Dissemination meeting on ‘Private Sector Participation in Transmission: Blueprint for Reform’

On the 13th of April, 2026, Samriddhi Foundation hosted a meeting with 20 stakeholders from different institutions for us to share our findings on the  energy sector, put forth problems faced by the sector and recommend solutions to reach the country’s electrification goals by 2030. 

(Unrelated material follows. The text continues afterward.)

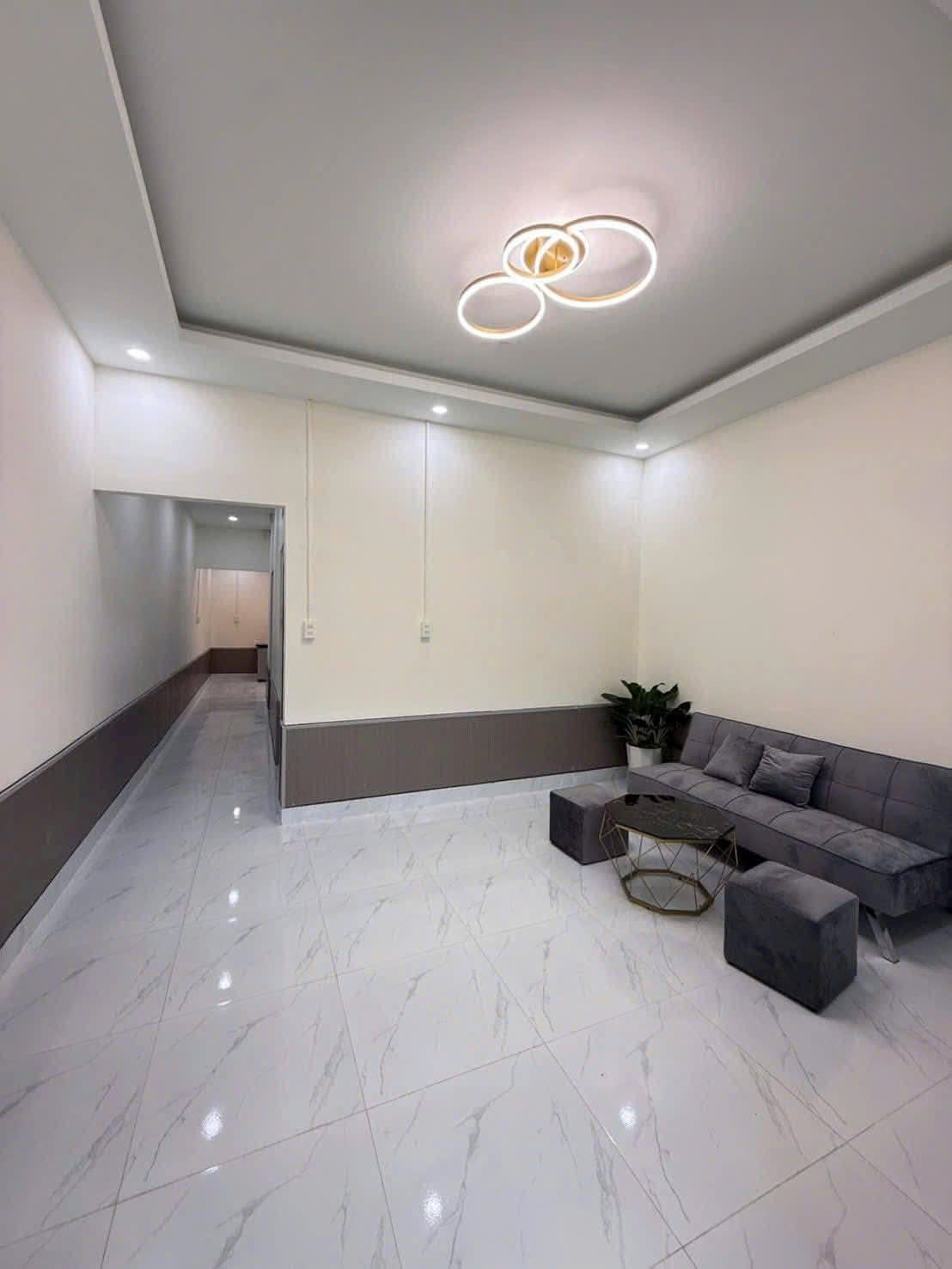 BÁN NHÀ GIÁ RẺ 2PN P8 ĐÀ LẠT - Giá bán : 1 tỷ 550 triệu - Ảnh 2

The meeting began with a presentation making a case for private sector participation in the transmission infrastructure of Nepal, highlighting that the grid has become a critical bottleneck unable to keep pace with a tenfold increase in electricity generation since 2000. Drawing on successful international examples from Brazil, Peru, Turkey, and India, the presentation underscored the high cost of inaction, citing that inadequate grid capacity led to NPR 2.8 billion in energy spillage in 2023 alone. To address a “humongous” financing gap of NPR 57 billion annually, which exceeds the NEA’s entire current annual capital expenditure, the study advocated for a pragmatic shift toward concession-based models like Build-Operate-Transfer (BOT) to attract private investment while maintaining long-term state ownership. The session further detailed a technical roadmap for reform, including the unbundling of the Nepal Electricity Authority to eliminate conflicts of interest, establishing predictable and cost-reflective wheeling tariffs that incorporate commercial fundamentals like O&M and ROI, and standardizing competitive bidding based on technical and managerial capacity. Finally, the presentation explained the necessity of guaranteeing legal open access to the grid and implementing a market-based tiered compensation framework for land acquisition to resolve the long-standing Right-of-Way bottlenecks that have historically caused the withdrawal of major development partners

Following the presentation, stakeholders engaged in a robust discussion, with private power producers highlighting that the existing grid bottleneck resulted in NPR 2.8 billion in energy spillage in 2023, rendering many hydropower projects commercially precarious without guaranteed legal open access. Representatives from affected local communities and civil society emphasized the need for a transparent, market-reflective compensation framework, advocating for the study’s recommended tiered model (30–60% of market value) and independent valuation to rebuild trust and resolve the Right-of-Way disputes that have historically stalled critical infrastructure.

Despite general support for reform, concerns were raised regarding persistent political resistance to unbundling the NEA and the largely symbolic status of newer entities like RPGCL. Moving forward, suggestions were made to accelerate the passage of the 2023 Electricity Bill to decisively end vertical integration, while simultaneously introducing time-bound tax holidays and Viability Gap Funding (VGF) to attract the massive private capital required to bridge the NPR 57 billion annual financing gap. Finally, stakeholders underscored that to avoid further withdrawals from development partners, a legal mandate must be established requiring all land acquisition and community grievance processes to be fully completed prior to project contract awards.